Again, they are usually encased in concrete, vacuum-jacketed, with double-walled tanks, and an inner wall of aluminum.
The imported LNG is then re-gasified using equipment to accomplish a series of pressure and temperature changes; thus the term regas terminal.
Current regas facilities tend to be very large and very expensive.
Newer terminals in Europe and the US can cost upwards of one billion dollars; and deliver one billion cubic feet per day.
Floating Storage & Regasification Units
A new trend is the development of Floating Storage and Regasification Units, called FSRUs. Here, the re-gas equipment gets mobility by being put on a vessel, perhaps an underutilized and converted LNG tanker.
FSRUs are either berthed at shore or moored offshore.
The gas is transported the remaining distance by pipeline.
A recent industry report estimated that approximately 50 FSRUs could be in operation by 2025, with the capacity to process 60% of the world’s recent LNG production.
This rapid growth is due to their lower cost, faster construction times, commercial flexibility and the reusablity feature of an FSRU.
FSRUs have two commercial advantages:
1. They offer producers new opportunities to sell LNG into smaller markets, and
2. FSRUs have been commissioned to supply feed gas to power plants to meet customer needs.
Today, FSRU vessels are owned or chartered by both LNG operators and major customers. Some shipowners have converted spare LNG carriers; others continue to construct new vessels.
Substantial FSRU fleets are owned by:
• Golar and Höegh, based in Norway
• Excelerate and Dynagas, based in the US
LNG and Natural Gas Demand Outlook
LNG Supply and Demand
Today, natural gas accounts for roughly a quarter of global energy demand, of which about 10% is supplied as LNG.
Natural gas has the cleanest combustion profile of all fossil fuels. Therefore, power generation is one of the largest, and growing, industrial uses of natural gas.
It is clean burning, and has lower carbon dioxide emissions than coal. Natural gas has become the fuel of choice as the world balances the need for increased power to match growing populations and economies, with ambitious climate change initiatives.
Extensive fields of the US shale supplies, like the Pennsylvania Marcellus play, have increased the potential to make natural gas the most important hydrocarbon to supply future global energy demand.
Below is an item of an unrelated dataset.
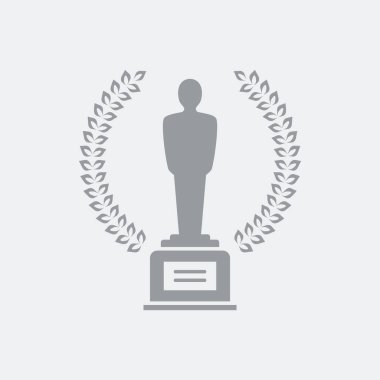 Düz ve izole vektör çizim simgesini minimal ve modern tasarımı ile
We might need to rename the industry to the gas and oil industry!
To keep up with LNG supply and demand growth, the need for LNG vessels is also increasing. In 2017, 439 tankers delivered a record 258 million metric tons of LNG worldwide – up from only 140 tankers in 2008.
LNG as Bunker Fuel
Last, but certainly not least, LNG is increasingly seen as a vital bunker fuel for vessels.
The International Maritime Organization has announced that by 2020, the maximum allowed level of marine fuel sulfur must be reduced to only .5% by weight.
LNG can be the answer for some shippers on some voyages.
In 2016 at Rotterdam, one of the world’s busiest ports, a third LNG fueling berth was installed, as the benefits of switching to LNG to reduce emissions became increasingly apparent.